Assignment — Word for word, repeat the data that follows. Do not include the pictures.

Data for analysis —

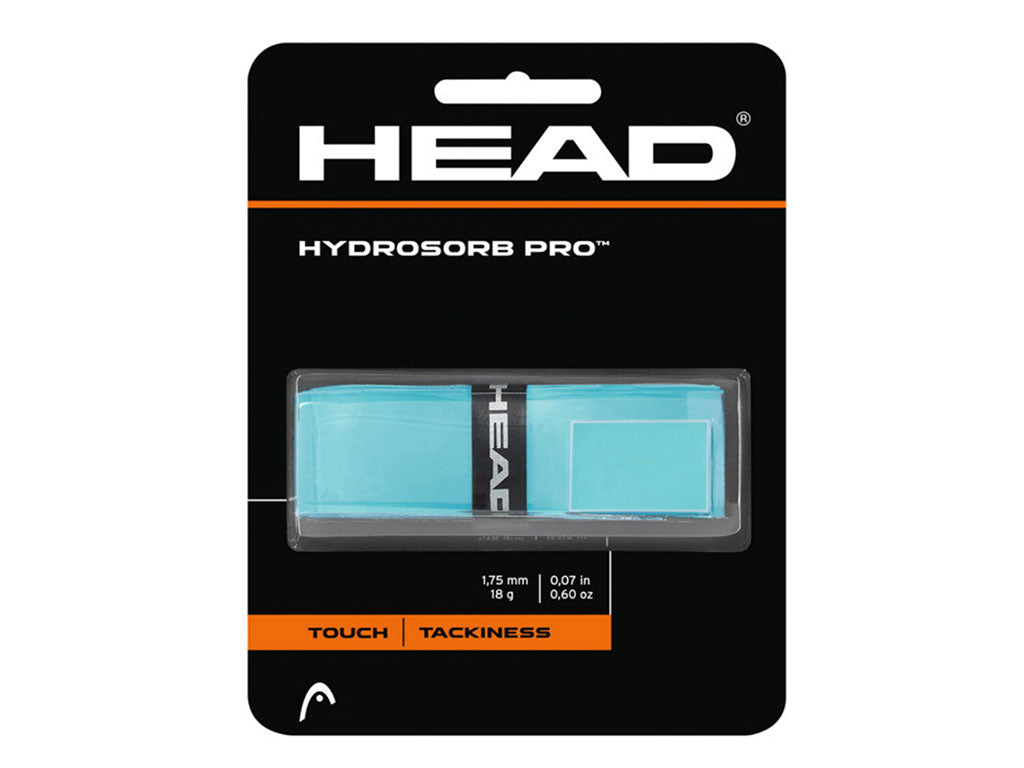 Head Hydrosorb Pro Replacement Grip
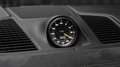 Porsche Cayenne Turbo GT Gris - thumbnail 30
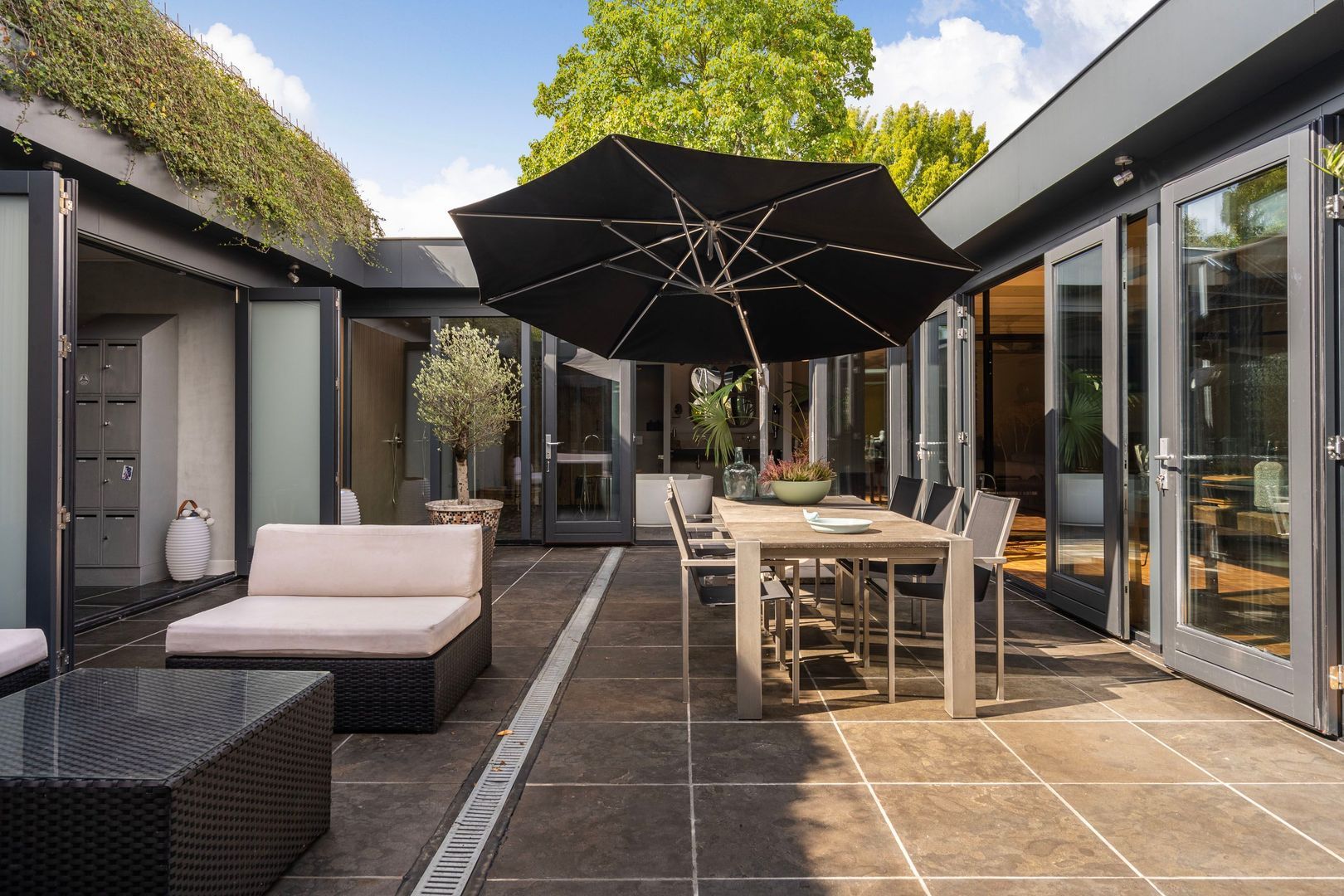 Reigerstraat 10, Amersfoort foto-51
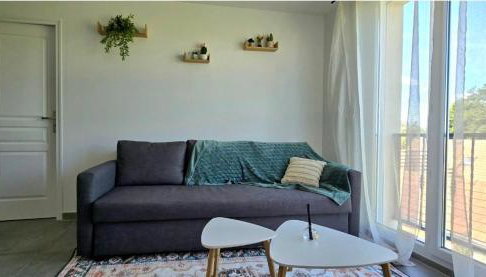 Le Freneusien, Wi-Fi parking - Foto 2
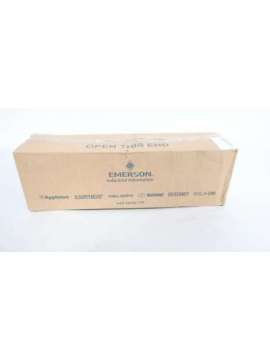 tcc50100g-appleton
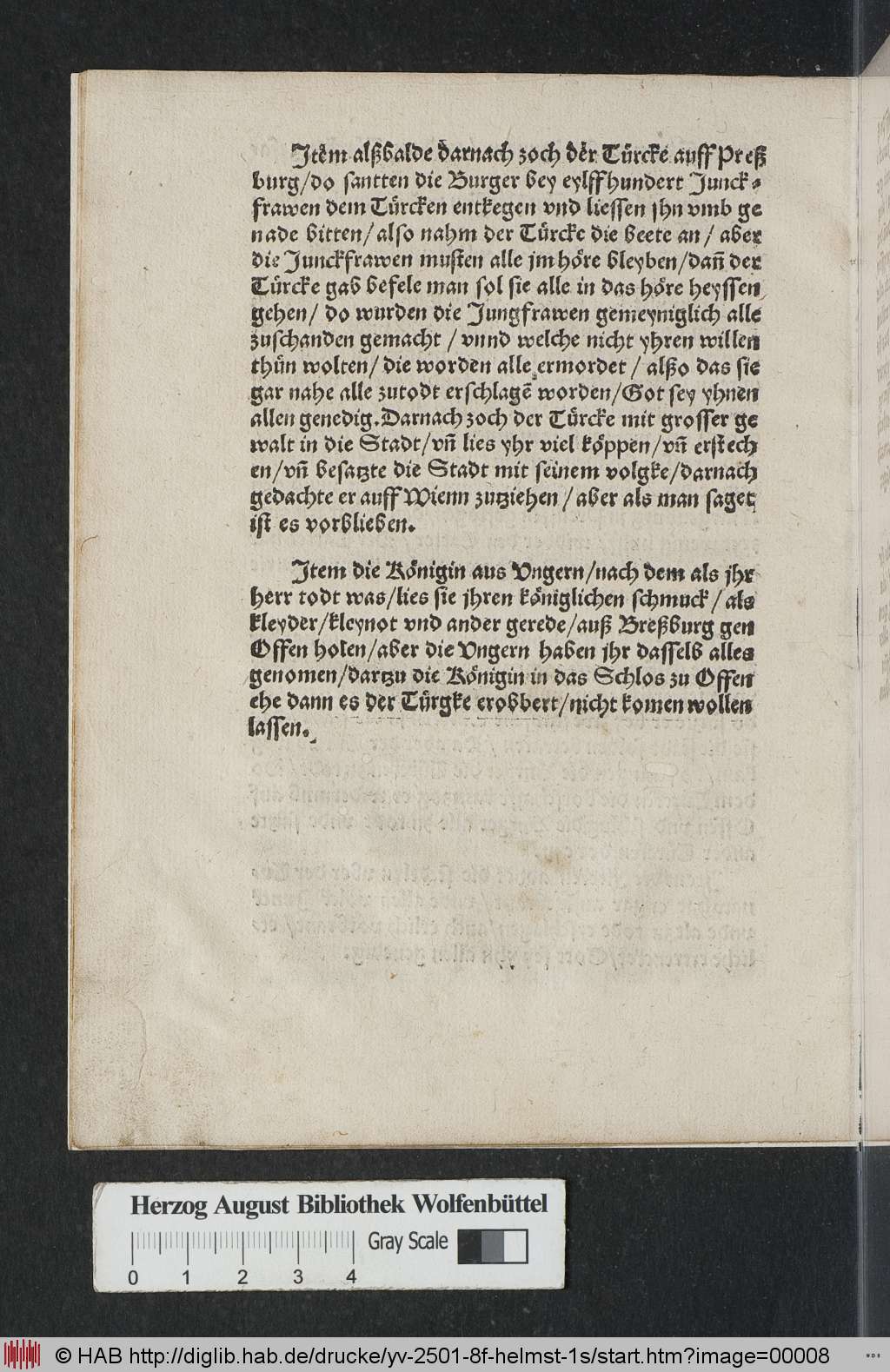 http://diglib.hab.de/drucke/yv-2501-8f-helmst-1s/00008.jpg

Solution to the exercise —
 Head Hydrosorb Pro Replacement Grip
 Porsche Cayenne Turbo GT Gris - thumbnail 30
 Reigerstraat 10, Amersfoort foto-51
 Le Freneusien, Wi-Fi parking - Foto 2
 tcc50100g-appleton
 http://diglib.hab.de/drucke/yv-2501-8f-helmst-1s/00008.jpg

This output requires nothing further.